(Beginning of Source data)
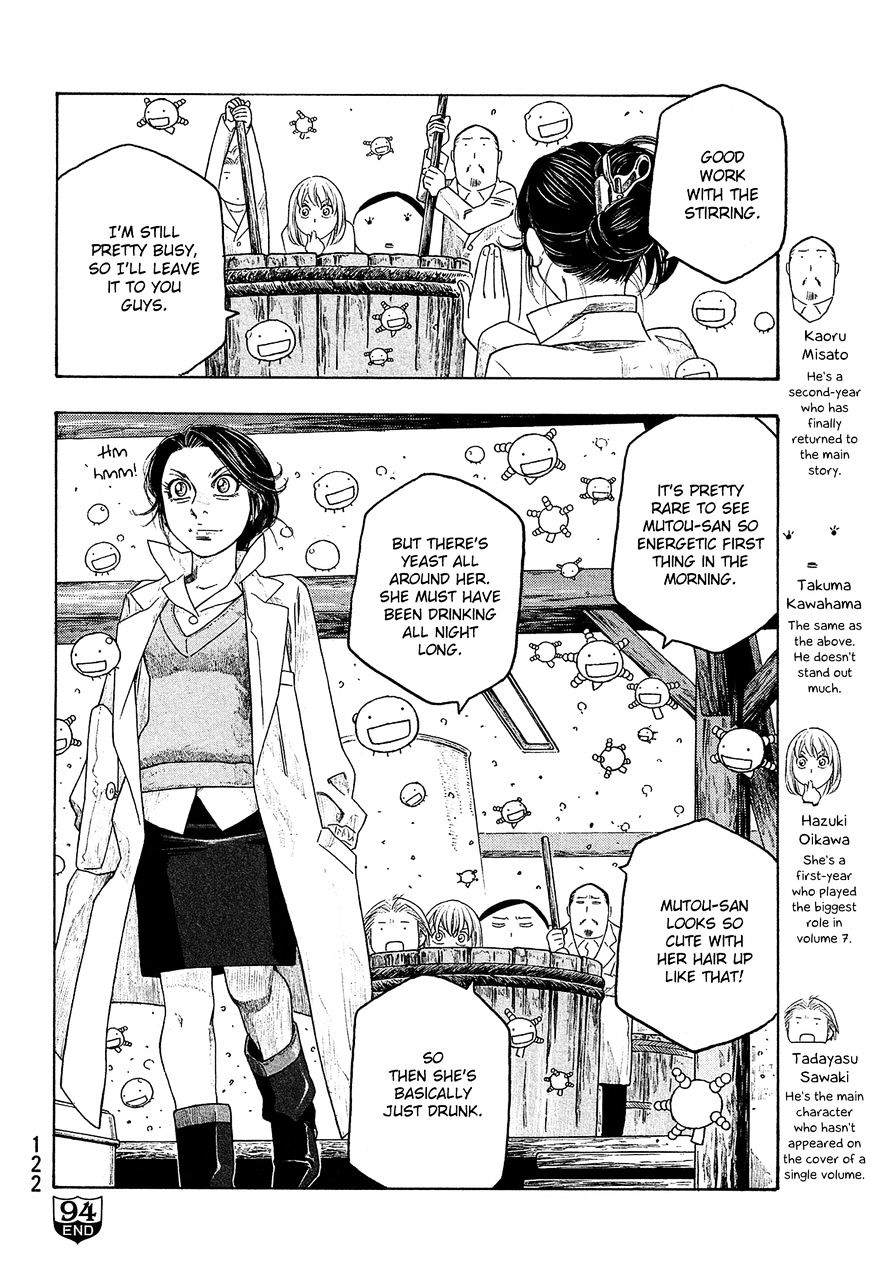 Moyashimon Chapter 94 #17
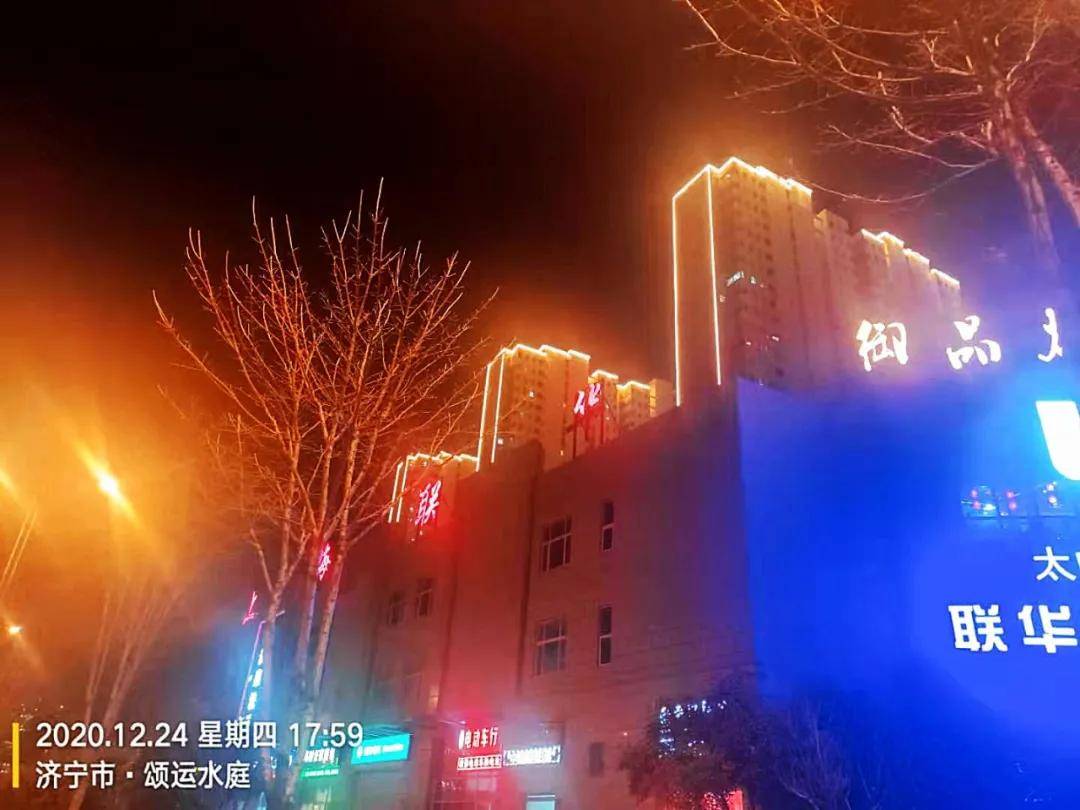 济宁城市管理局开展城区店招标牌发光字亮化排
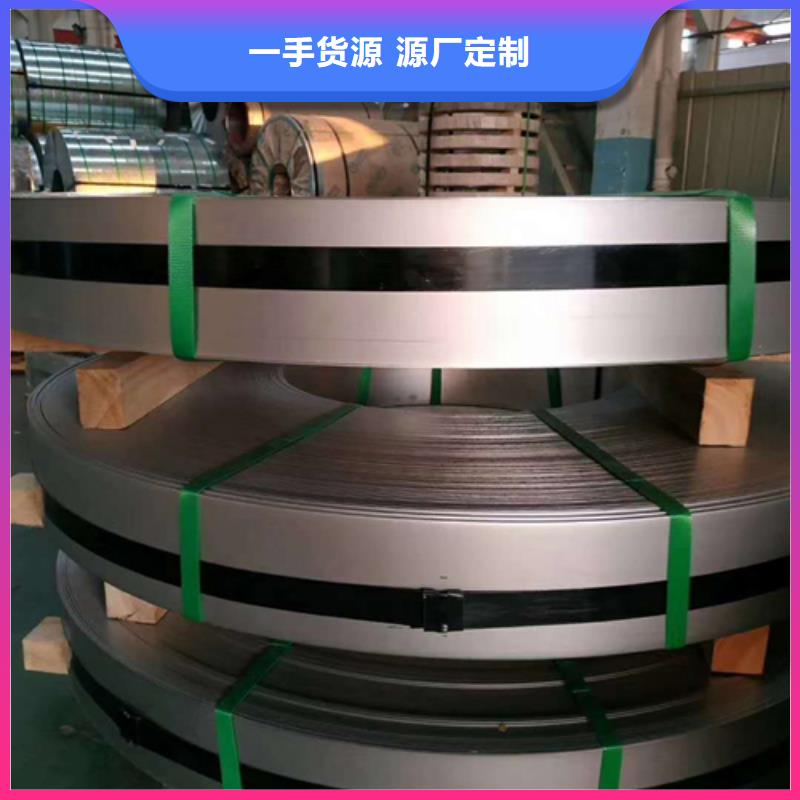 【不锈钢带不锈钢焊管源头直供】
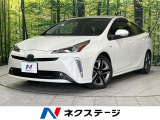 衝突軽減装置 純正ナビ バックカメラ ETC Bluetooth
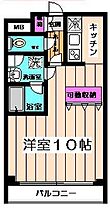 HOUSE倉 302 ｜ 東京都杉並区荻窪４丁目21-21（賃貸マンション1K・3階・31.13㎡） その2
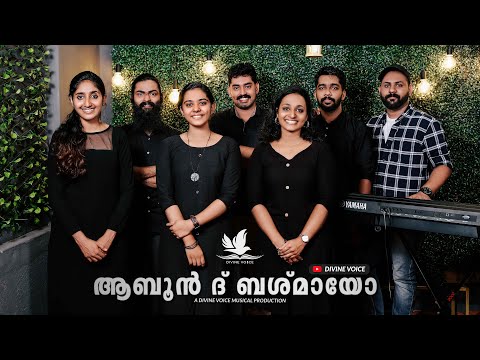 Abun D'Bashmayo || ആബൂൻ  ദ്  ബശ്  മായോ  || The Lord's Prayer || Divine Voice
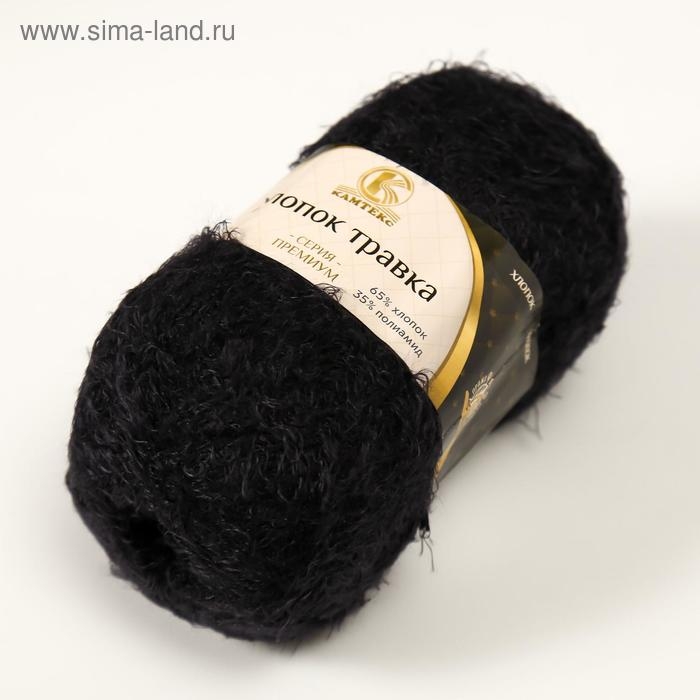 Пряжа Пряжа "Хлопок травка" 65% хлопок 35% полиамид 220 м/100гр (003 черный)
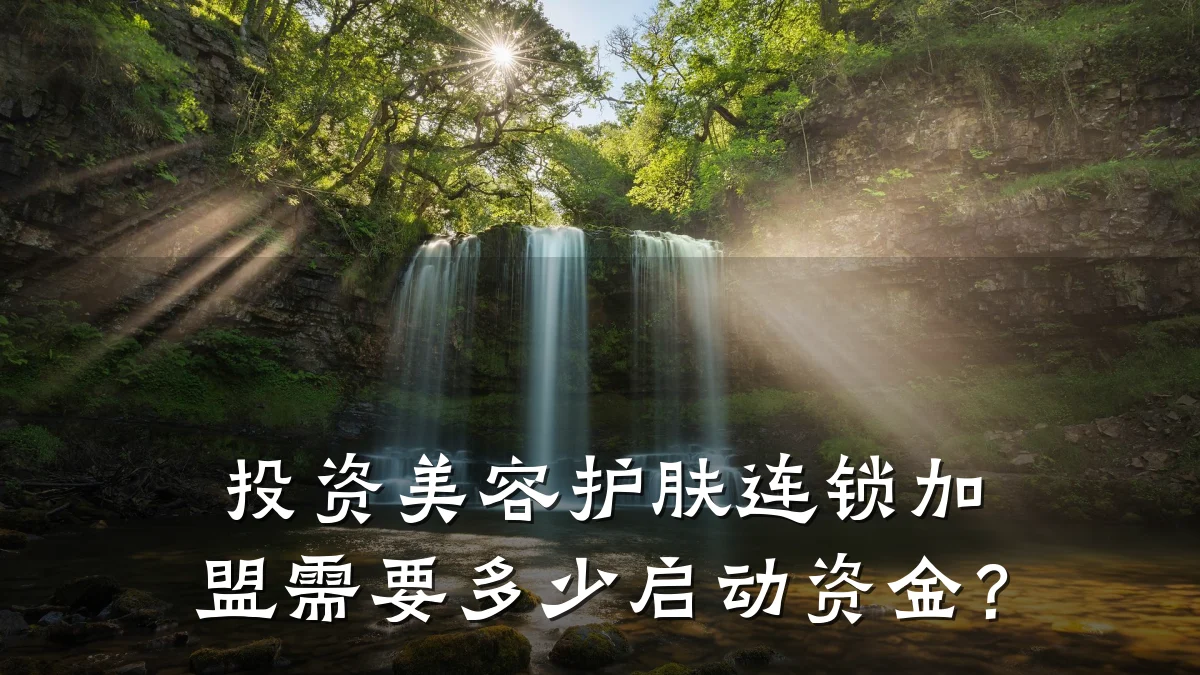 投资美容护肤连锁加盟需要多少启动资金?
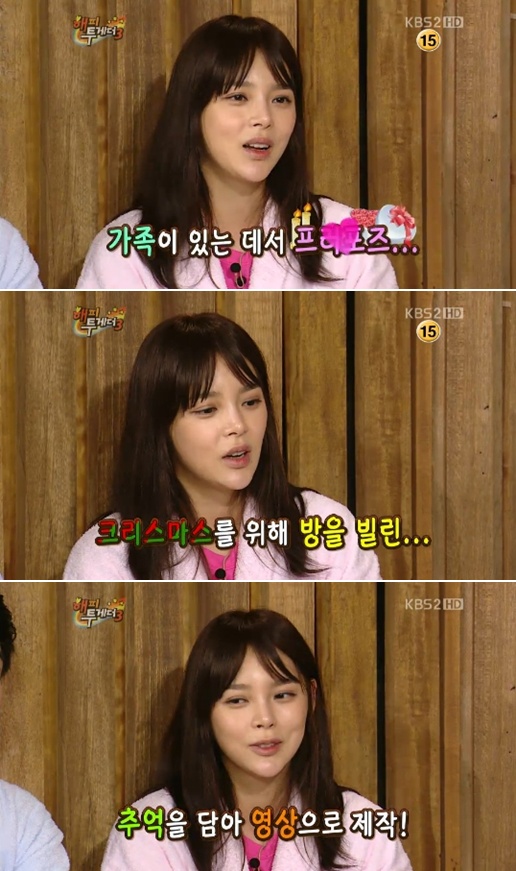 ⓒ KBS 2TV '해피투게더3' 방송 화면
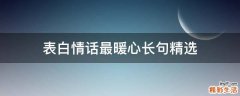 表白情话最暖心长句精选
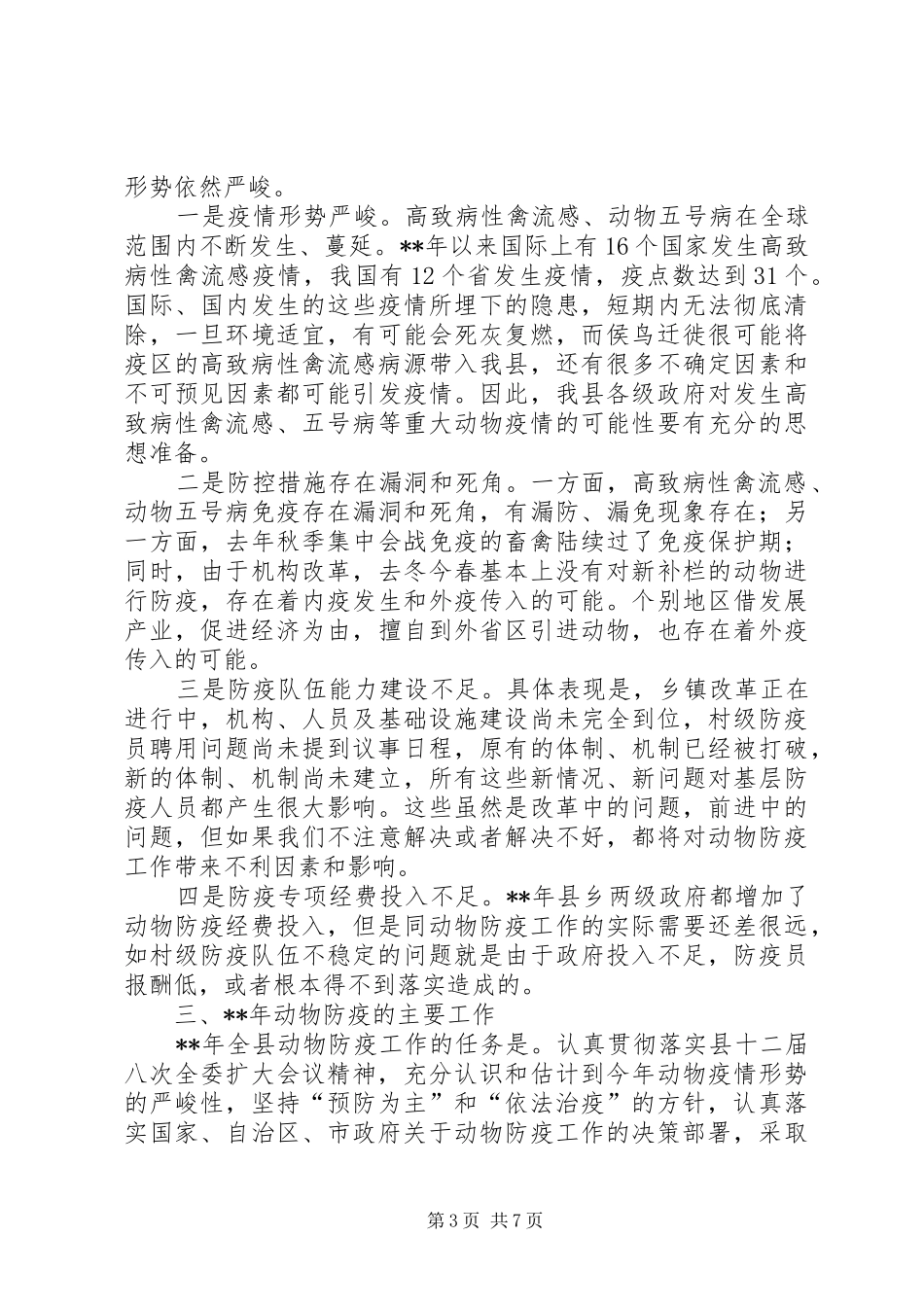 县动物防疫会议工作意见报告_第3页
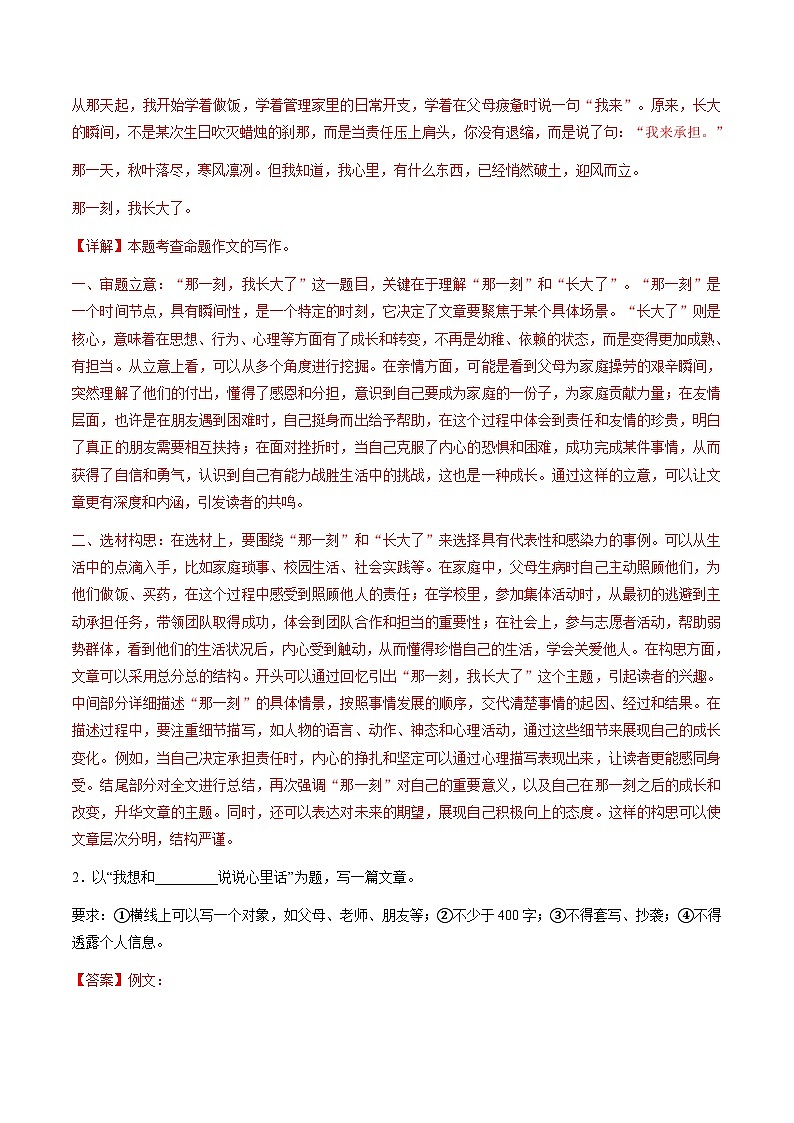 寒假作业10 写作(巩固培优)(解析版)第3页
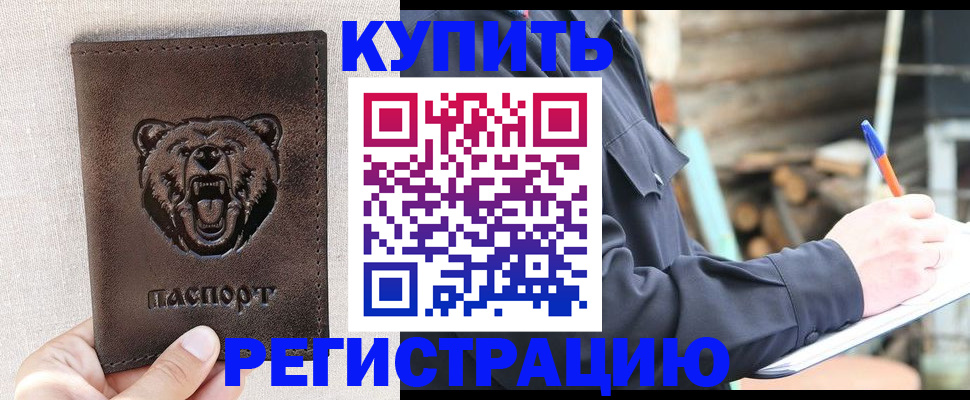 временная регистрация недорого в Пермском крае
(End of Source data)
#### What the task asks:
Set down the entries exactly as they appear, with every picture left out.

#### Problem solution:
 Moyashimon Chapter 94 #17
 济宁城市管理局开展城区店招标牌发光字亮化排
 【不锈钢带不锈钢焊管源头直供】
 衝突軽減装置 純正ナビ バックカメラ ETC Bluetooth
 HOUSE倉 302 ｜ 東京都杉並区荻窪４丁目21-21（賃貸マンション1K・3階・31.13㎡） その2
 Abun D'Bashmayo || ആബൂൻ  ദ്  ബശ്  മായോ  || The Lord's Prayer || Divine Voice
 Пряжа Пряжа "Хлопок травка" 65% хлопок 35% полиамид 220 м/100гр (003 черный)
 投资美容护肤连锁加盟需要多少启动资金?
 ⓒ KBS 2TV '해피투게더3' 방송 화면
 表白情话最暖心长句精选
 县动物防疫会议工作意见报告_第3页
 寒假作业10 写作(巩固培优)(解析版)第3页
 временная регистрация недорого в Пермском крае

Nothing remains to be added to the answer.